The Great Gatsby is a story about the impossibility of recapturing the past and also the difficulty of altering one’s future. The protagonist of the novel is Jay Gatsby, who is the mysterious and wealthy neighbor of the narrator, Nick Carraway. Although we know little about Gatsby at first, we know from Nick’s introduction—and from the book’s title—that Gatsby’s story will be the focus of the novel. As the novel progresses and Nick becomes increasingly drawn into Gatsby’s complicated world, we learn what Gatsby wants: Daisy, Nick’s cousin, the girl he once loved. Anything and anyone that stands between Gatsby and Daisy becomes an antagonist. Although Daisy’s brutish husband Tom is the most obvious antagonist, a variety of more abstract concepts—such as class difference, societal expectations, and Gatsby’s past lies—can also be considered antagonists. The most powerful antagonist is time itself, which prevents Gatsby from recapturing what he lost.

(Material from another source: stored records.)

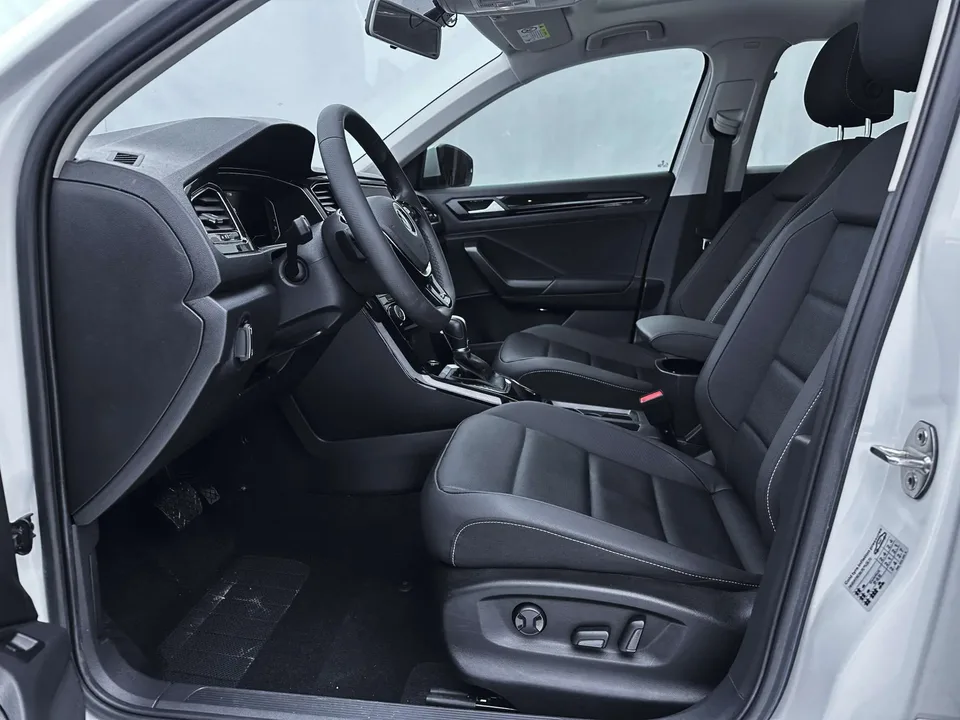 Volkswagen T-Roc Tange 280TSI DSG two-wheel drive comfort PLUS 2022 — миниатюра 4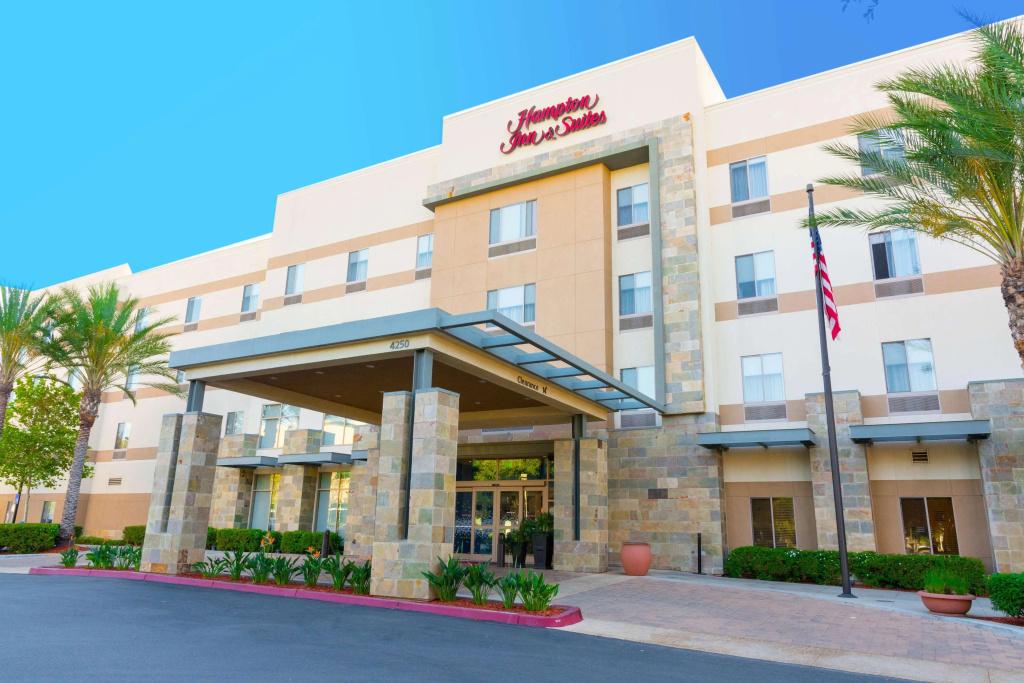Hampton Inn & Suites Riverside/Corona East - главное фото
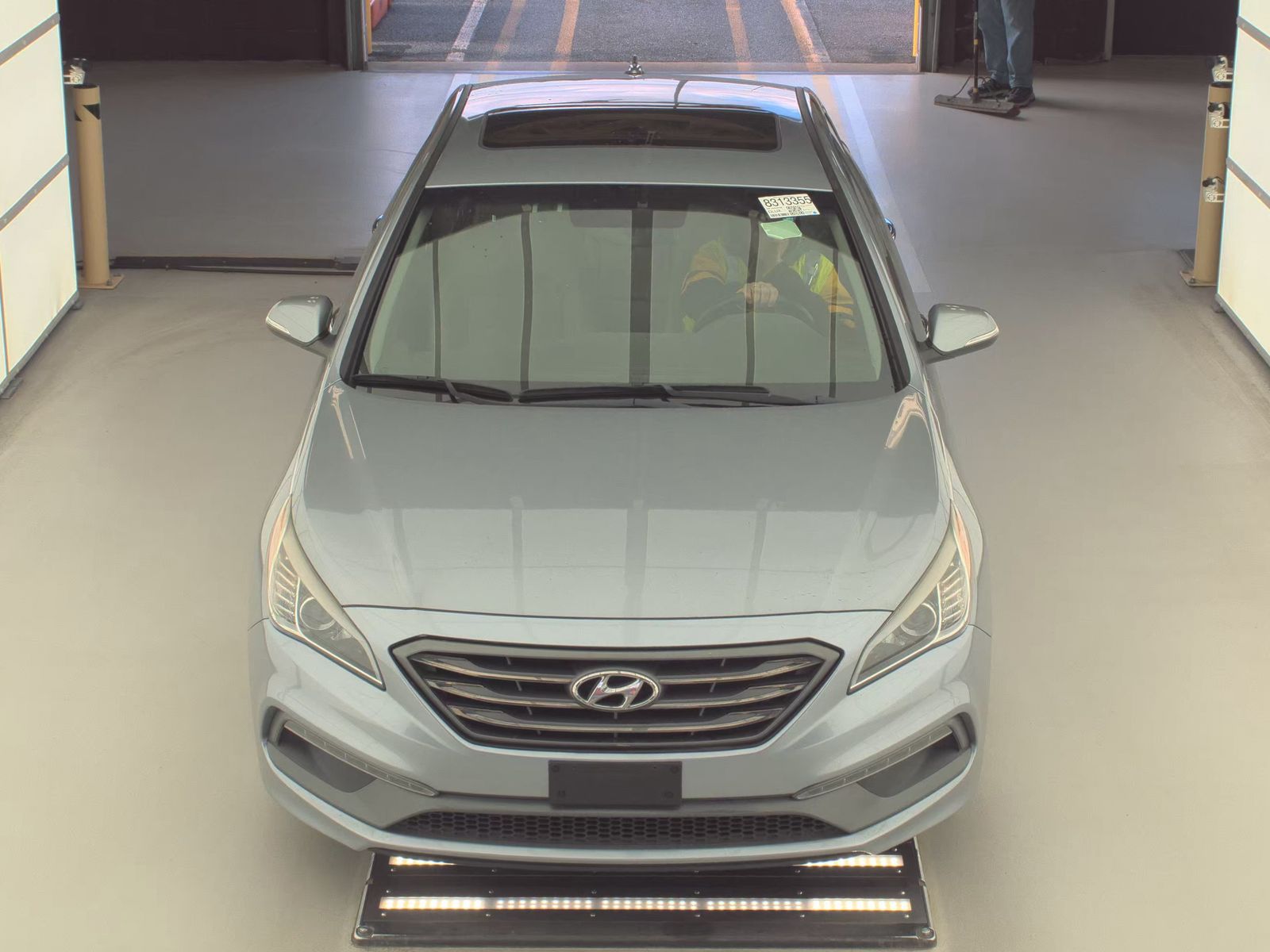 HYUNDAI SPORT - 3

After a brief passage which frames the narrative as Nick’s recollections of a summer from his past, the narrative is for the most part linear, beginning with Nick’s move to New York, which makes him Gatsby’s neighbor. Gatsby is wealthy, with a mysterious past that is the subject of much speculation. After meeting his neighbor at a party, Nick learns that despite Gatsby’s success, he longs only for Daisy. Gatsby’s central aim through the novel is to see Daisy again and recaptured their shared past. On a trip to the city with Tom, Nick meets Tom’s mistress, Myrtle. In the rising action of the novel, Nick arranges a reunion between Gatsby and Daisy, and Jordan tells Nick about Daisy and Gatsby’s history. Gatsby and Daisy fall back in love, and Gatsby tells Nick one version of his life story. Many of the stories Gatsby tells about himself turn out to be lies or half-truths. The fantastic nature of his stories gives Gatsby’s history a mythical quality, which reinforces the sense of him as a tragic hero.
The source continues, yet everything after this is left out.